/mid1_project

Primary LanguageJupyter Notebook

Exploring a Movie Database

Team:

  Francisco Caupers
  Imrane Mourigh
  Tatyana Tarasova

Objects

  • What? → Films
  • When? → 2019-2023
  • Where? → USA
  • How? → IMDB, Oscars

As the main database for our analysis we chose the IMDB database. The whole database contains all the films starting from 1927. The initial file is more than 400 MB, so we decided to filter it by choosing time period from 2019 till 2023 and by main production country USA. At this point we had a bit more than 30 000 lines.

Questions

  1. What factors contribute to the box office success of films in the USA between 2019-2023?
  2. Which film genres are most popular among audiences during this period?
  3. How are film budgets distributed across different genres and production companies?
  4. Do ratings impact revenue?
  5. Are production companies nominated for the Academy Awards (in or case the Oscars) consistently associated with high-performing film?

Hypotheses

  1. H0: There is no relationship between film that was nominated for Oscar and its genre.
  2. H0: There is no relationship between genres and ratings of the film.
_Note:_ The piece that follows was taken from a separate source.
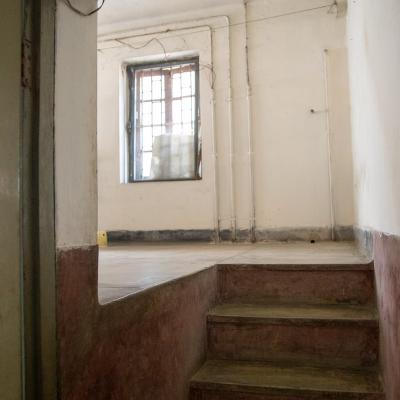 The Stairs To The Elevated Room Is Designed With Different Color Floor Material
For the purpose of our analysis we filtered our main table. We took only those films that have information about revenue (revenue > 0) and show interest from the audience (vote count > 100). As additional data sets we used information about age ratings, Oscar nominated film and Oscar nominated companies in 2022. We join all related information from these tables to the main table and merged them all in one. At this point we had 642 lines.

Data cleaning measures:

  • Changed column 'release_data' to 'date' datatype
  • Manually added one missing value in 'production_companies' and two missing values in 'spoken_languages' from www.imdb.com

For some questions we also performed some filtering and cleaning:

  • In columns 'production_companies' and 'genres' we took only the main company and deleted the rest. As Oscar nominations and ratings consider only the leading company and genre.
  • We kept only necessary columns for each question and saved filtered data frames for each question.
  • Calculated revenue and budget in millions and used them for calculations
  • for Question 5 in column 'license' we filled NaN values with 'unknown'
  • for questions and hypotheses where we analyzed rating, we didn't use rows with value 'unknown' in 'license'

For Question_1 we created a data frame 'numerical_columns' and checked correlation between numerical variables by calculating the correlation matrix. We observed 3 correlated columns 'vote_count' and 'budget' with correlation coefficient 0,63, 'vote_count' and 'revenue' 0,74, 'revenue' and 'budget'. We calculated VIF for each column and got following results:

  1. vote_count 2.993886
  2. budget_M 2.793599
  3. revenue_M 3.091482

All three of them were less than 4, which indicated absence of multicollinearity, so we plotted a scatter plots for each correlation.

For Question_2 we compared distribution of number of films and their revenues by genres. We plotted two bar charts and observed that the most popular genres are Action (with highest total revenue), Adventure, Animation(with highest average vote), Science fiction and Comedy.

In Question_3 we made a data frame to define Top 15 production companies. We used 'groupby' by production companies and chose 'sum' as aggregation function. Ordering them in descending order, we could highlight Top 15 companies. We used this list to assign rest of the companies as 'other' to make a visualization. We drew two pie charts, one to compare Top 15 with Other companies and the other one to compare them among themselves. The companies with the biggest budget are Walt Disney, Marvel Studios, Warner Bros. Pictures and Universal Pictures.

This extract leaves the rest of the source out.